Canon Anthony Harvey of Westminster Abbey, a leading Anglican scholar, has pointed out what he sees as the matter-of-fact quality of the miracle stories:
"In general one can say that the miracle stories in the gospels are unlike anything else in ancient literature. They do not exaggerate the miracle or add sensational details... To a degree that is rare in the writings of antiquity, we can say, to use a modern phrase, that they tell the story straight..."
Yet some skeptics have propounded the idea that Jesus was merely a clever first-century hypnotist.

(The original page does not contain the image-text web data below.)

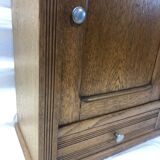 Vintage oak pharmacy shelf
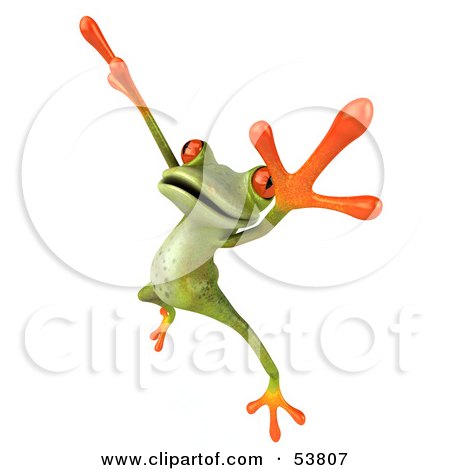 tree frog jumping. Tree Frog Dancing - Pose 2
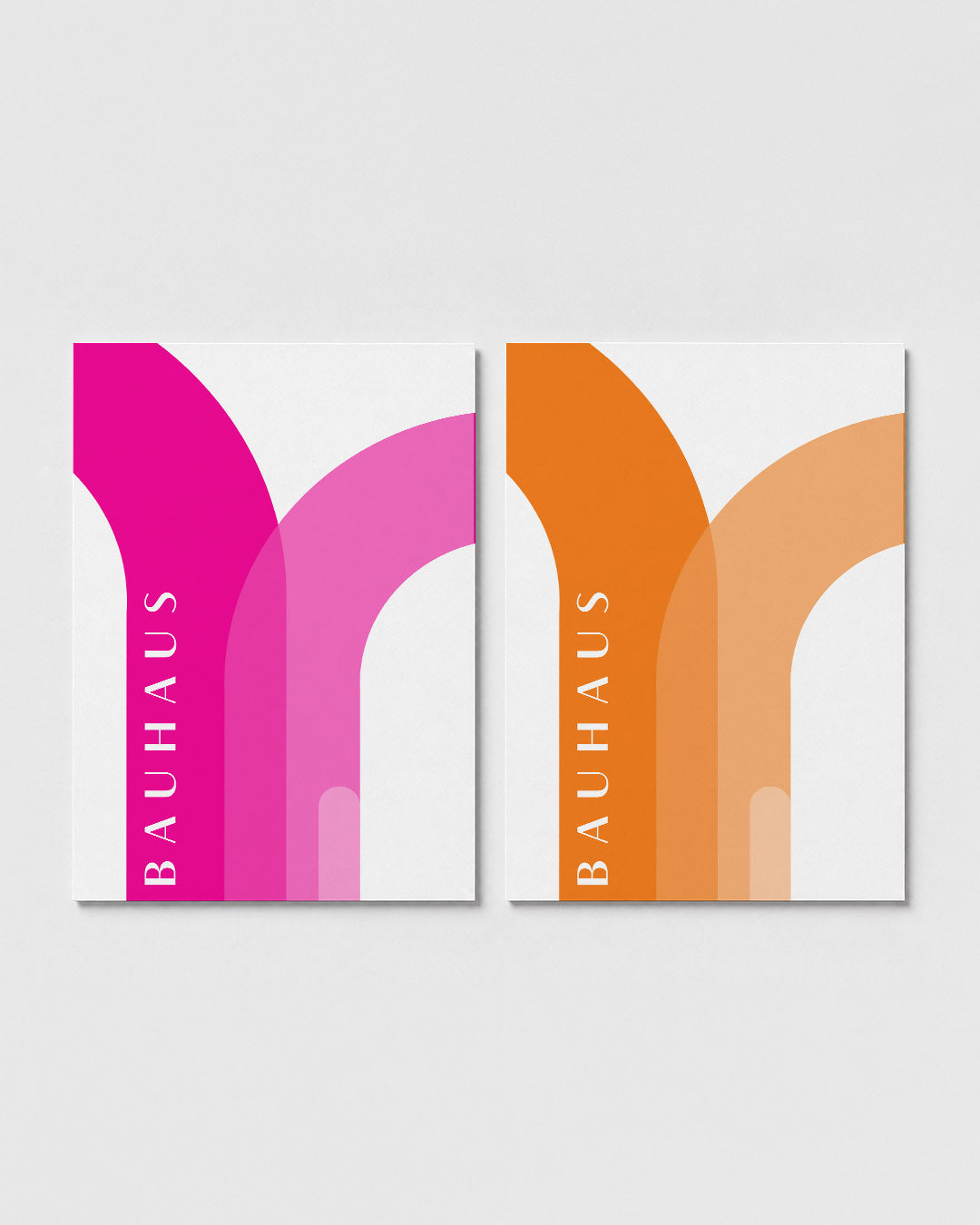 Kleurvolle booglijnen Posterset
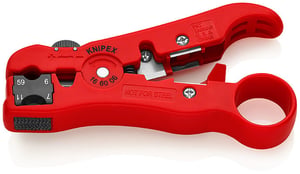 Knipex 16 60 06 SB narzędzie do zdejmowania izolacji Czerwony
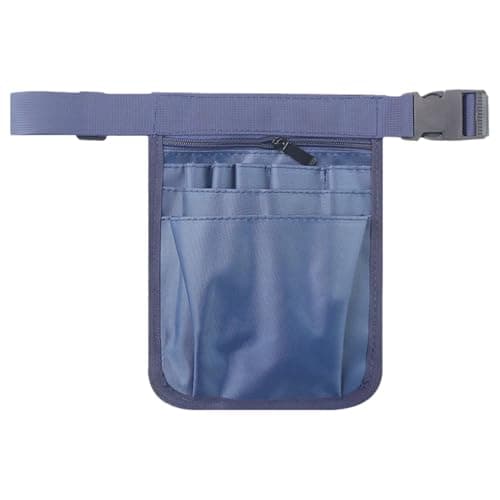 dPois Server Waist Pouch Restaurant Waitress Accessories Bag Utility Money Bag Working Serving Apron for Waiter Navy Blue One Size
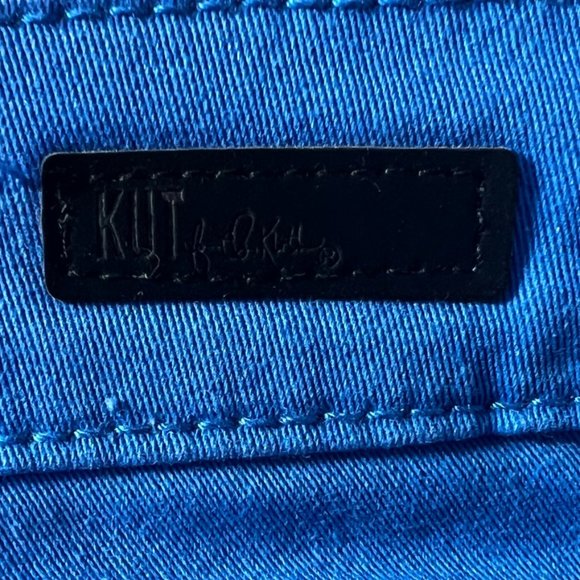 Women's Kut from The Kloth size 2 blue pants NWT Reese ankle straight leg - Picture 7 of 10
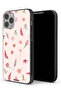 جراب حماية لجهاز Apple iPhone 12 Pro Max بنقشة أوراق وورود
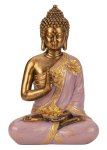 Buddha "purple/lilac" h=31,5cm w=21cm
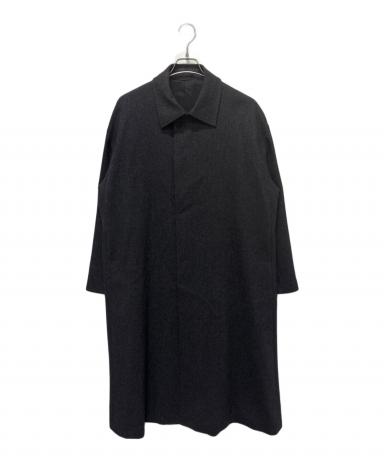 LAD MUSICIAN ラッドミュージシャン　ウールPコート　ブラック 中古・古着通販】LAD MUSICIAN (ラッドミュージシャン) WOOL FLANNEL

Ian Wilson has noted that "even if all those diverse individuals to whom Jesus brought release from suffering were, in psychological terms, mere hysterics, the sheer scale of what Jesus managed to effect, and the spontaneity with which he is said to have achieved it, go far beyond what even the greatest braggadocio among hypnotists would profess to be able to achieve today."
And had Jesus been just a clever hypnotist, he could no doubt have continued happily into old age making a comfortable living from his skill. Jesus' purpose was plainly more serious than this, as is apparent from the fact that he never used his talent for personal gain and, in fact, his miracle-working ultimately lead to his death.
Most strikingly, the belief in a resurrected Jesus spread quickly following his crucifixion and was embraced by a wide diversity of people.